And the Pale Ale is not to be confused with an India Pale Ale (increased hoppiness in the original style to preserve it for travel) or an American Pale Ale (I swear these give hop-heads their name). This was more in the style of what I call English Pale Ales, wherein the scales are tipped in favor of hops over malt, but the hops play on each other and the other flavors rather than dominating. English Pales have always felt a little floral to me... sweet, and a touch of bitterness around the edges, but ultimately dedicated to a bouquet of beauty on the taste buds. Floats like a butterfly without ever stinging like a bee. Just beats you around the face with its vibrant wings for a while.

Ultimately, La Cumbre lives up to it's name. It is, in my opinion, the summit of great beers made locally in Albuquerque! (OUR opinion! I'm shocked -- SHOCKED -- to hear Jenny say this, though. Unless she's not counting Rio Rancho as part of Albuquerque...) You wouldn't want its neighborhood to be your neighborhood, but I guarantee that after one visit, you'll want La Cumbre to be your neighborhood bar!

Tuesday, June 21, 2011

O'Moving Day at O'Niell's

How do you thank people who drive 400 miles through wind and smoke (yes, we drive through smoke in New Mexico now) several hours each way to store a truckload's worth of furniture for you while you prance off to Ireland?

You take them out to lunch, of course. We took Jenny's folks to O'Niell's Uptown this past Saturday for just that reason. (Thanks for making that drive, guys!)

Can I just say that taking them to lunch is the best thing you can do for your parents when they are as true-blue as mine until you are a millionaire, at which point you need to alleviate them of all the stress and burdens they ever had!

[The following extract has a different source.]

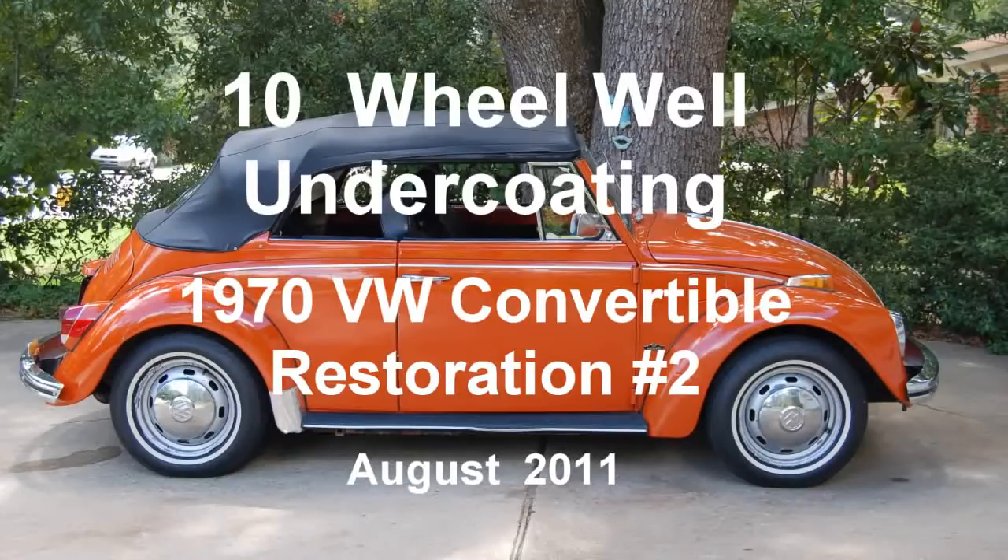1970 Volkswagen Convertible Restoration Number 2, Clip 10: Wheel Weld Undercoating, August 2011.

O'Niell's has become a bit of a standby in Albuquerque. It now has two locations (one in Nob Hill, one in the Northeast Heights), which pretty much means it's conveniently located no matter what circle of friends, family, or acquaintances we have any reason to dine with.

And it's alright. The food is solid if not spectacular (I think we both wish so many of the entrees were less greasy than they are--yes, it's pub grub, but still), the decor is fitting if not exorbitant, and, well, each spot has an outdoor patio where I prefer to sit.

Don't let Zach's description underwhelm you. O'Niell's has done a spectacular job making itself the closest thing to a community-minded, family-friendly pub...the kind one sees overseas. They have regular live performances by bag-pipers, folk-singers, and more! They have other fun events like Geeks-Who-Drink! Zach and I have attended several of these, whereby you listen to several rounds of mixed Trivial Pursuit-like questions, mark your answers on a sheet and turn them in one round at a time. You're trying to come up with on-the-spot answers on topics as varied as movies, history, pop-culture, music, and so on. All while drinking...and probably eating. It's fun! We placed 5th one night...which is not bad considering we were up against teams of 5+!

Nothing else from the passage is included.